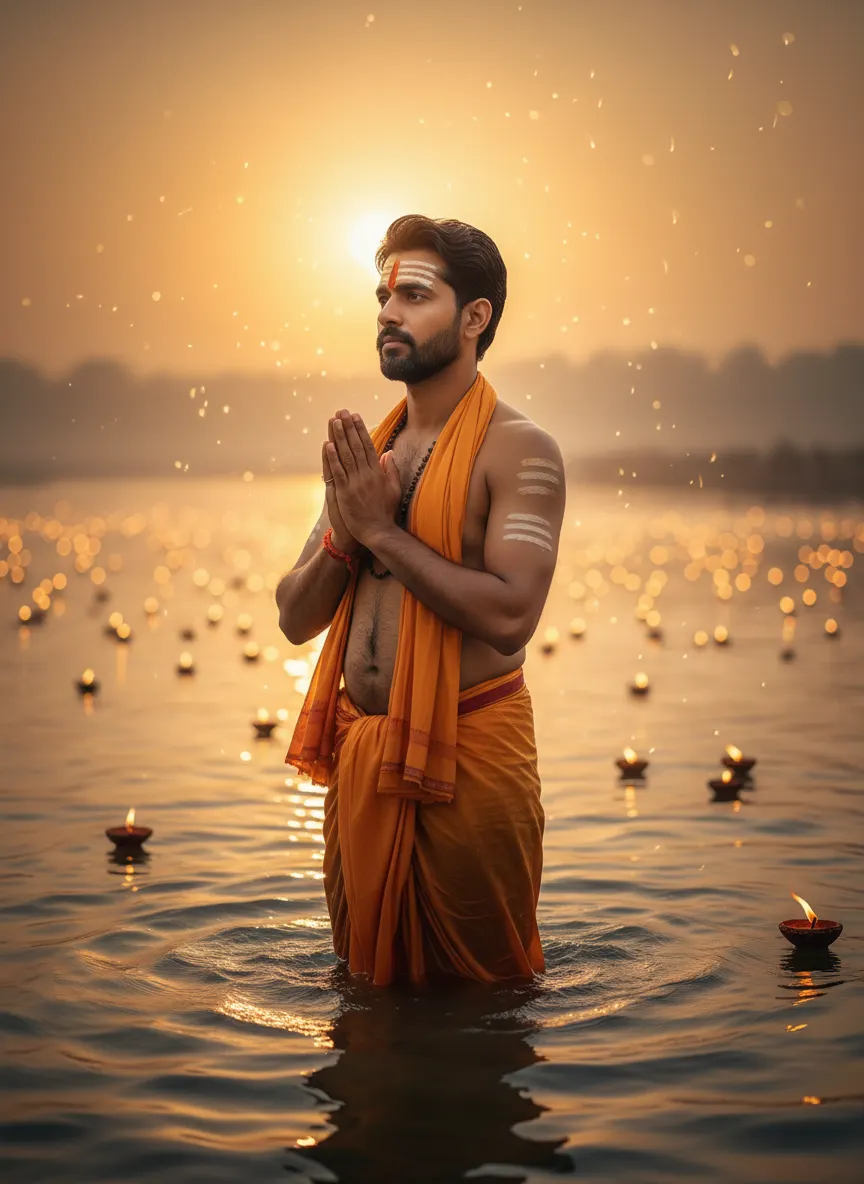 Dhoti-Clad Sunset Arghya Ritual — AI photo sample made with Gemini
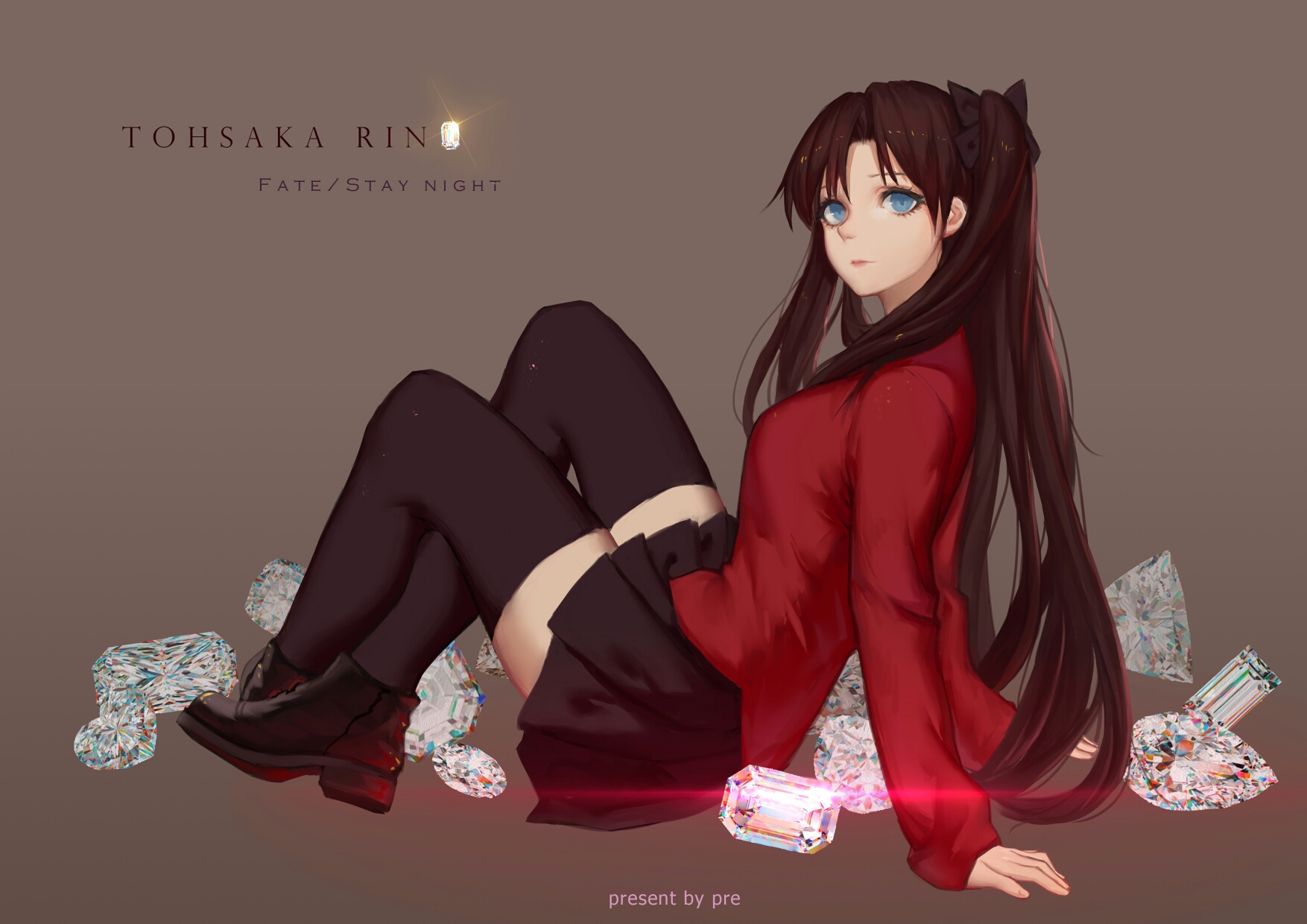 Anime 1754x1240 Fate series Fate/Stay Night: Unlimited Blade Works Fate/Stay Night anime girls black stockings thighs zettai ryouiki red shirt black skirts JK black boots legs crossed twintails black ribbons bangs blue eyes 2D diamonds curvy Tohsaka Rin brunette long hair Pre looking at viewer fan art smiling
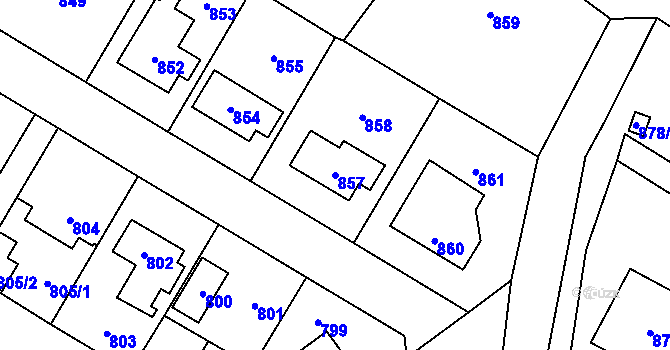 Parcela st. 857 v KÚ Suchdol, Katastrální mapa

_Activity:_ All of the data above needs to be given again exactly. Leave out each image.

_Your solution:_
 Dhoti-Clad Sunset Arghya Ritual — AI photo sample made with Gemini
 Anime 1754x1240 Fate series Fate/Stay Night: Unlimited Blade Works Fate/Stay Night anime girls black stockings thighs zettai ryouiki red shirt black skirts JK black boots legs crossed twintails black ribbons bangs blue eyes 2D diamonds curvy Tohsaka Rin brunette long hair Pre looking at viewer fan art smiling
 Parcela st. 857 v KÚ Suchdol, Katastrální mapa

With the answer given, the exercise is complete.